La Moldavia e la questione del gas russo
Lo scorso 25 ottobre, la Moldavia ha acquistato gas dalla Polonia nel tentativo di contenere la grave crisi energetica scaturita dai tagli alle forniture da parte di Gazprom, dopo la scadenza del contratto a settembre e l’impennata dei prezzi del mercato europeo, da $148 a $790 al metro cubo. La fornitura polacca ammonta a un milione di metri cubi di gas, una quantità superflua se paragonata ai 3 miliardi di metri cubi complessivi importati nel 2020 dalla Russia, dalla quale la Moldavia dipende al 100%. Inoltre, ad una settimana di distanza, il governo di Chisinau ha sottoscritto un nuovo accordo quinquennale con Gazprom (2021-2016), accordandosi per un prezzo di circa $450 per 1000 metri cubi. Quindi, sebbene la crisi energetica russo-moldava sia presto rientrata, la rilevanza politica dell’acquisto di gas polacco è notevole.
Per la Moldavia si è trattato infatti del primo acquisto di gas da un fornitore alternativo alla Russia, avvenuto in concomitanza con l’elargizione di 60 milioni di euro di aiuti da parte dell’UE per supportare il Paese nei difficili giorni dell’emergenza energetica. La forte influenza di Mosca e la ricerca del dialogo con Bruxelles rappresentano i due volti politico-economici della Moldavia, che, come altri Paesi dell’Est Europa, ha difficoltà a definire la propria posizione nel continente. In tale contesto, un importante cambio di passo è stato segnato dalla recente elezione del governo europeista guidato dal partito Pas della Presidente Maia Sandu, che potrebbe dare nuovo impeto alle relazioni euro-moldave.
L’acquisto di gas dalla Polonia esprime dunque la volontà del Paese a guadagnare maggiore autonomia da Mosca e avvicinarsi all’UE. Tuttavia, il nuovo contratto pluriennale siglato con Gazprom suggerisce che la diversificazione energetica e politica moldava sarà un percorso lungo e complesso. I recenti tagli alle forniture hanno già evidenziato come l’ormai consueta “militarizzazione” della leva energetica da parte della Russia venga usata come strumento di influenza sui Paesi vicini. Parallelamente, non bisogna dimenticare che Mosca può utilizzare anche il dossier della Repubblica secessionista della Transnistria, che peraltro fornisce l’80% del fabbisogno di energia elettrica alla Moldavia, per mettere pressione al governo di Chisinau.
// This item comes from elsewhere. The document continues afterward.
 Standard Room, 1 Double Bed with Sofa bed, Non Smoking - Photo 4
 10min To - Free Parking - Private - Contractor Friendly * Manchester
Il caso moldavo si inserisce nella più ampia crisi energetica europea iniziata a settembre. Sfruttando l’aumento repentino della domanda di gas ed il suo ruolo di principale fornitore europeo, la Russia ha finora avuto la possibilità di premere sui governi europei al fine di garantire i propri interessi strategici, primo tra tutti l’avvio del gasdotto Nord Stream 2.